It's an early Sunday morning in northern Ohio, a state I've never been before, and I crawl out of the box bed trying not to wake my three girlfriends. Although it's 7 am here, my body is fully aware that it operates on central time zone and tries to remind me that it's truly 6 am. But I needed to get up. I needed to eat breakfast.
After locating the modest continental breakfast, I make a plate of eggs and silver dollar waffles (Who know waffles came in silver dollars??), and a side of warm oatmeal, yogurt, and an almost too ripe banana. I take a few bites to get familiar with my plate and then crack open "Eat, Pray, Love," using my banana as a paperweight to keep the pages down as I scarf my meal.
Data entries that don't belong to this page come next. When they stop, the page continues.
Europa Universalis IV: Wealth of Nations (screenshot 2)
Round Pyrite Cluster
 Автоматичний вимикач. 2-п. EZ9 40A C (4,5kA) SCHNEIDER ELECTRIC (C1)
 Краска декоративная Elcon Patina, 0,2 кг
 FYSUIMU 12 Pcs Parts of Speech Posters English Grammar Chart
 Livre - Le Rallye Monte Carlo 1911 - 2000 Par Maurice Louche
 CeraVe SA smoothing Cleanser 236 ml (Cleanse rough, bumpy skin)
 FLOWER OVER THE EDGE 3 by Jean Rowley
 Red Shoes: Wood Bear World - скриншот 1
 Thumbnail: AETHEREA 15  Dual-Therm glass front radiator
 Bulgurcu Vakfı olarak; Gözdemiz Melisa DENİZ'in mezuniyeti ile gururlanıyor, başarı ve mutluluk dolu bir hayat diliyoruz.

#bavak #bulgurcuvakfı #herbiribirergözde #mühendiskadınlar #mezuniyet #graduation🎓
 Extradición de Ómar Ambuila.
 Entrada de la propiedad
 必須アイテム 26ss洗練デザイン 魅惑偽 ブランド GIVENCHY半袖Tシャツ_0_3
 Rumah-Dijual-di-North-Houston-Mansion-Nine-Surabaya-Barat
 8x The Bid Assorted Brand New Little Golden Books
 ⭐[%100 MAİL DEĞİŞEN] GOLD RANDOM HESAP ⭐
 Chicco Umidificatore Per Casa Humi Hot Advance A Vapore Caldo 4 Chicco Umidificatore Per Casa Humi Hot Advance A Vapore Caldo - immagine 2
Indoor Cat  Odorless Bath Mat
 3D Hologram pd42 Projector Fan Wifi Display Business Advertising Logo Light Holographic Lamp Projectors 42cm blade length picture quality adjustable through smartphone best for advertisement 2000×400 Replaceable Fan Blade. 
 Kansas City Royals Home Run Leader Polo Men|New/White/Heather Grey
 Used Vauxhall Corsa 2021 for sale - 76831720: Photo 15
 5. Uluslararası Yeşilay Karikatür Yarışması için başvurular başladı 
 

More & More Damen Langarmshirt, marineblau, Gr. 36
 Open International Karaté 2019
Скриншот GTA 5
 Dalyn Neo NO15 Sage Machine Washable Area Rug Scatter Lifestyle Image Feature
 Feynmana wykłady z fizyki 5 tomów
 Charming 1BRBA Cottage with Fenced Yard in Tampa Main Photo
A lady, whom has been there since I got off the elevator, greeting me with coffee in hand, turned to me and said "What a scholar." I looked up from my book to a bright smile and kind eyes. Thank you, as I offered a smile just as warm. She then walked away to a corner to accompany her husband, leaving me alone with my book at the breakfast bar.
I seem to always do this; more times than not. Granted I don't go to hotels often because I don't travel often, I find a sense of peace and solitude to eat breakfast among strangers who don't know my story and I don't know their names. To get lost in a novel over sub-par breakfasts' while being completely aware of the mysterious presence of others.
I want to always be a guest. I want to always eat breakfast in cities not known, among people who become less than strangers after the first exchange of words.
I want to always be a guest to a city willing to host me. To invite me in with their coffeehouses and friendly travelers in hotel lobbies. To introduce me to their culture and art museums and bad habits.
I want to be anonymous but completely at home wherever I go. I long to be a guest in cities I may or may not see again.